_Task description_
For this exercise, reproduce each entry below exactly, excluding pictures.

_Captioned web images_
-- Opening Marker --

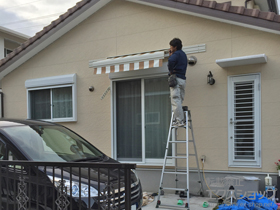 のオーニング・日よけ 彩風S型 手動式＋フリル(ストレート) 施工例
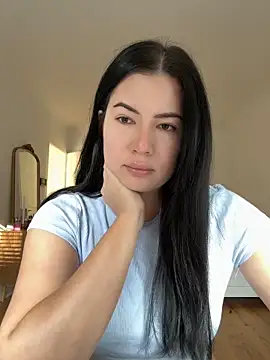 Snapshot of clairewntr chatting on 01-21-25, 12:29 clairewntr online show from 01-21-25, 12:29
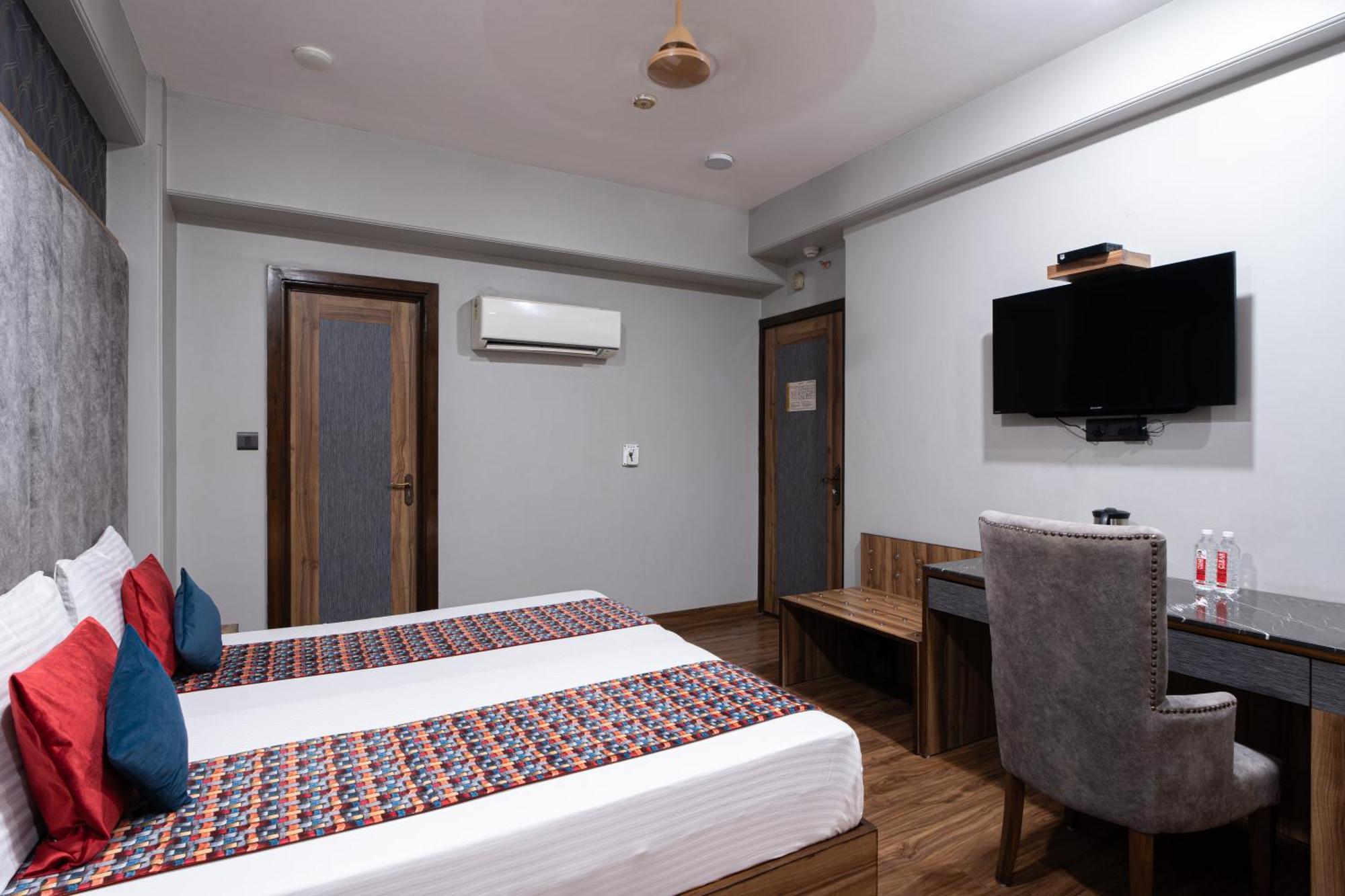 Hotel Sunstar Grand Delhi  Bagian luar foto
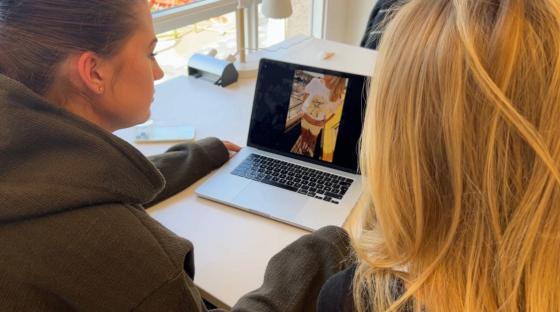 to jenter ser på macen.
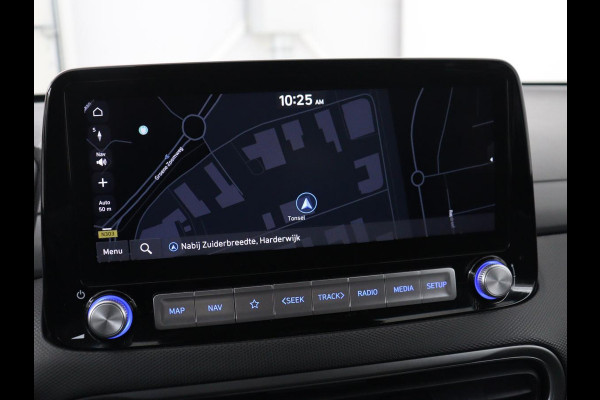 Hyundai Kona EV Fashion 64 kWh | SOH 100% | 3 Fase | Head-Up | Warmtepomp | Adaptive cruise | Camera | Carplay | Keyless | Full LED | Navigatie | Climate control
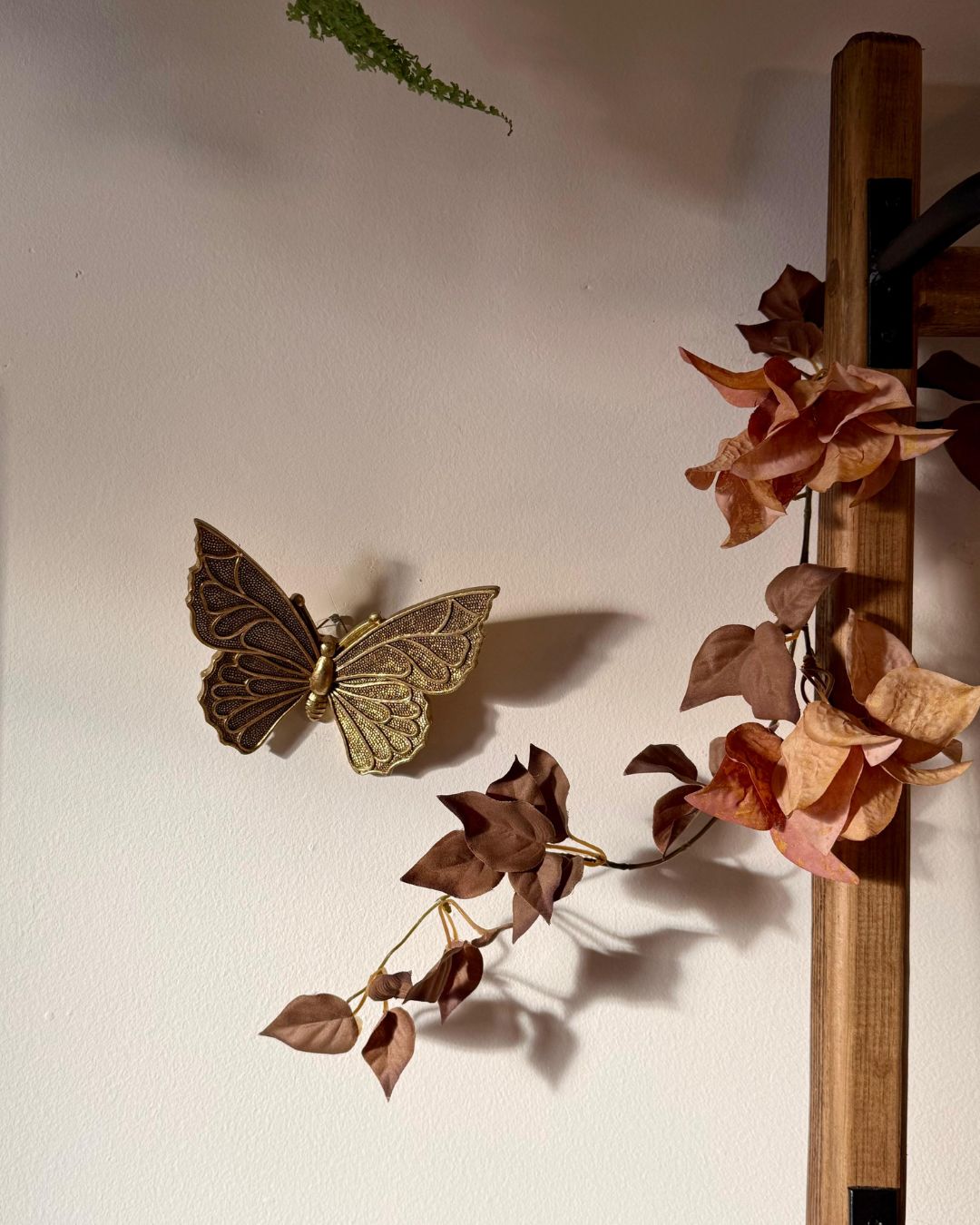 Escultura de Parede Borboleta em Poliresina  14cmX11,5cmX3,5cm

-- Closing Marker --

_Response_
 のオーニング・日よけ 彩風S型 手動式＋フリル(ストレート) 施工例
 Snapshot of clairewntr chatting on 01-21-25, 12:29 clairewntr online show from 01-21-25, 12:29
 Hotel Sunstar Grand Delhi  Bagian luar foto
 to jenter ser på macen.
 Hyundai Kona EV Fashion 64 kWh | SOH 100% | 3 Fase | Head-Up | Warmtepomp | Adaptive cruise | Camera | Carplay | Keyless | Full LED | Navigatie | Climate control
 Escultura de Parede Borboleta em Poliresina  14cmX11,5cmX3,5cm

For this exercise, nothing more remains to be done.